Israel está prestes a convocar a terceira eleição em um ano

Os 3 milhões de palestinos que vivem na Cisjordânia compartilham com os 9 milhões de israelenses a expectativa tensa pelo desfecho de mais uma etapa na crise política mais profunda e prolongada vivida pelo moderno Estado judeu desde sua fundação, em 1948. O país é governado interinamente pelo primeiro-ministro Benjamin Netanyhu desde o início de abril, quando uma eleição antecipada terminou sem a formação de uma maioria na Knesset (parlamento) – resultado que se repetiu em setembro. No fim desta semana, esgota-se o prazo para que os deputados encontrem uma solução. Caso contrário, os eleitores serão chamados novamente às urnas, pela terceira vez no intervalo de um ano.
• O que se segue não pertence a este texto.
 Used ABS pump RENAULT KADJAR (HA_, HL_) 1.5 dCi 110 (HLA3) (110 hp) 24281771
Inédito para os israelenses, o cenário tem implicação direta para os palestinos, em especial desde os dias finais da última campanha eleitoral. Foi quando o direitista Netanyahu, no esforço final para desempatar a disputa com o líder da oposição de centro, Benny Gantz, prometeu tomar medidas, caso reeleito, para anexar o Vale do Jordão e a margem norte do Mar Morto, que correspondem a 30% da Cisjordânia e compreendem a maior parte da terra cultivável. As áreas visadas são adjacentes aos assentamentos onde se concentra uma parte dos cerca de 500 mil colonos israelenses que vivem no território.
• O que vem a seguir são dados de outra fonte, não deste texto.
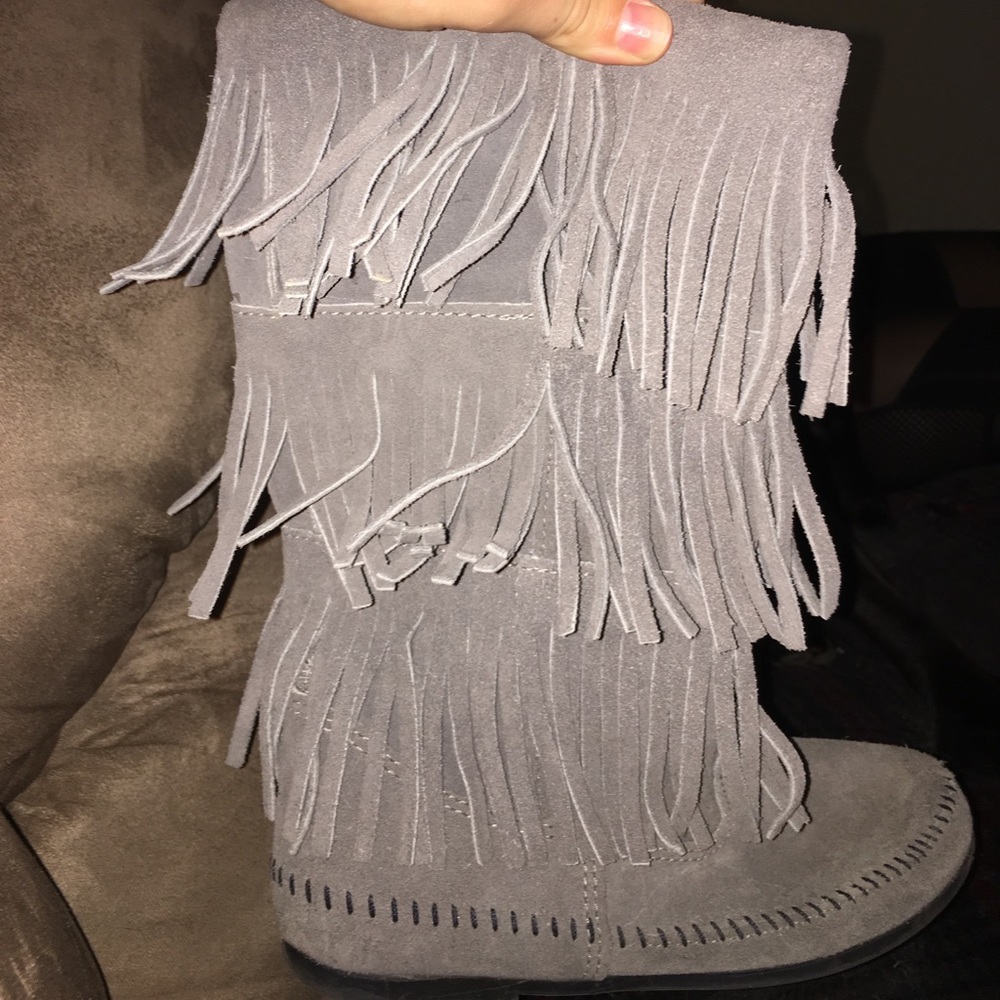 minnetonka fringe boots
A ideia ganhou contornos mais claros em outubro e setembro. Primeiro, foi transformada em projeto de lei apresentado pelo Likud, o partido de Netanyahu, que se dispõe a colocá-lo prontamente em vigor, uma vez aprovado. Em seguida, veio o apoio externo indispensável para fazer frente a condenação praticamente unânime, começando pelas Nações Unidas. Rompendo com a política seguida há décadas por governos de ambos os partidos americanos, o presidente Donald Trump decidiu não mais considerar contrária ao direito internacional a colonização israelense na Cisjordânia, ocupada na guerra de 1967.
Do ponto de vista dos palestinos, a anexação das áreas abrangidas pelo plano tornaria inviável, em termos econômicos e mesmo práticos, a instalação de um Estado soberano. Desde os Acordos de Oslo, firmados em 1993, a Cisjordânia e a Faixa de Gaza são governadas em regime de autonomia limitada pela Autoridade Palestina (AP), como parte de um processo delineado para conduzir a uma Palestina independente, convivendo em fronteiras reconhecidas com o vizinho israelense.
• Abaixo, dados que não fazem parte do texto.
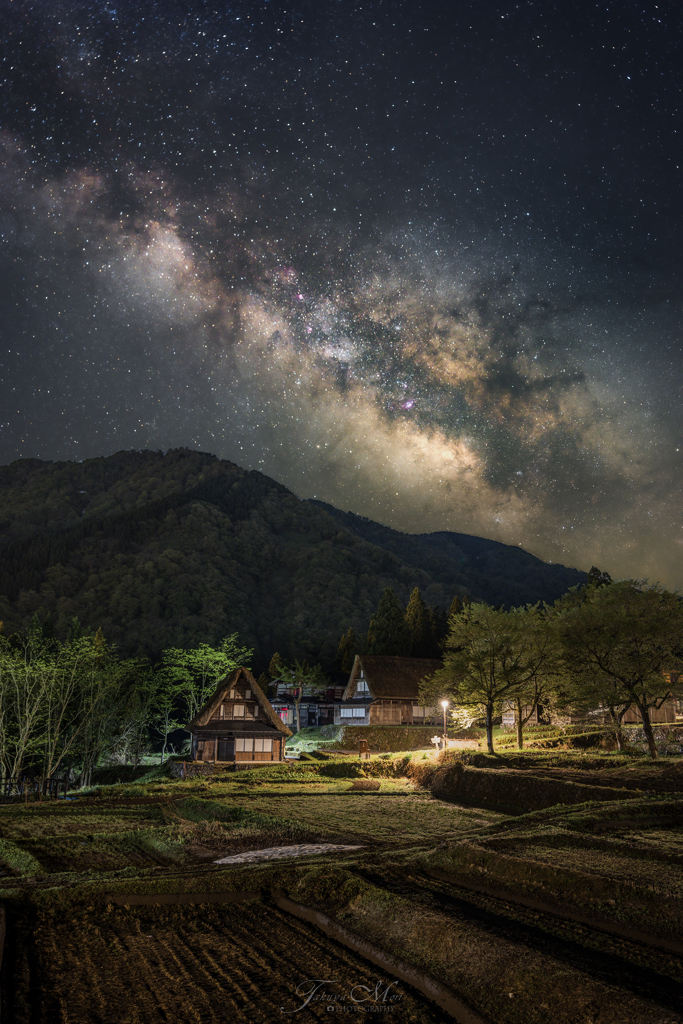 合掌集落を照らす星の夜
“Estamos monitorando de perto as ações” de Netanyahu, comentou o presidente da AP, Mahmud Abbas. “Se ele realmente tomar uma medida como essa (a anexação), vamos nos dirigir à ONU e ao Tribunal Penal Internacional”, avisou. “E vamos, de maneira definitiva e irrevogável, romper todos os laços com Israel.” Abbas não deixou passar em branco, igualmente, a guinada diplomática anunciada por Washington. “A liderança palestina não pensa em ficar indiferente a isso. Comecei consultas com as diferentes força políticas a respeito dos passos que poderemos dar, e estamos pontos, inclusive, a eventualmente romper completamente as relações com os EUA.”

ESPELHO 

Se Israel vive um período de impasse e indefinição política, a situação não é muito diferente no lado oposto. Abbas sucedeu o primeiro presidente e patriarca da causa palestina, Yasser Arafat, morto em novembro de 2004. Despido do carisma do antecessor, exerce uma liderança permanentemente contestada, em especial pelo movimento islâmico Hamas, que desde 2007 controla na prática a Faixa de Gaza – e já se envolveu em duas breves guerras com Israel. Desde 2009, o mandato de Abbas na presidência da AP foi prorrogado indefinidamente. Seguidas tentativas de convocar eleições para renovar o Executivo e o Legislativo do governo autônomo foram canceladas. A perda de 30% da Cisjordânia pode decretar o fim da carreira política de Abbas, sem que alguma nova liderança se projete.

No campo israelense, a semana começa com a os ventos soprando no rumo de uma nova eleição, depois de mais uma tentativa frustrada de Netanyahu e Gantz para compor um governo de “união nacional”, com maioria parlamentar sólida. Em ambas as possibilidades, no entanto, a anexação da Cisjordânia se insinua no horizonte como risco palpável, e a ampliação dos assentamentos como realidade tangível. O governo autorizou a construção de mais moradias para colonos na cidade de Hebron, foco permanente de tensão e confrontos. E, se o premiê interino já tem nesse um lema de campanha, o principal rival parece tomar o mesmo rumo. “Existe uma importante necessidade de fortalecer os assentamentos e garantir a sua proteção”, afirmou Gantz, que jamais se pronunciou contra o projeto de anexação. “É por isso que precisamos de um governo forte”.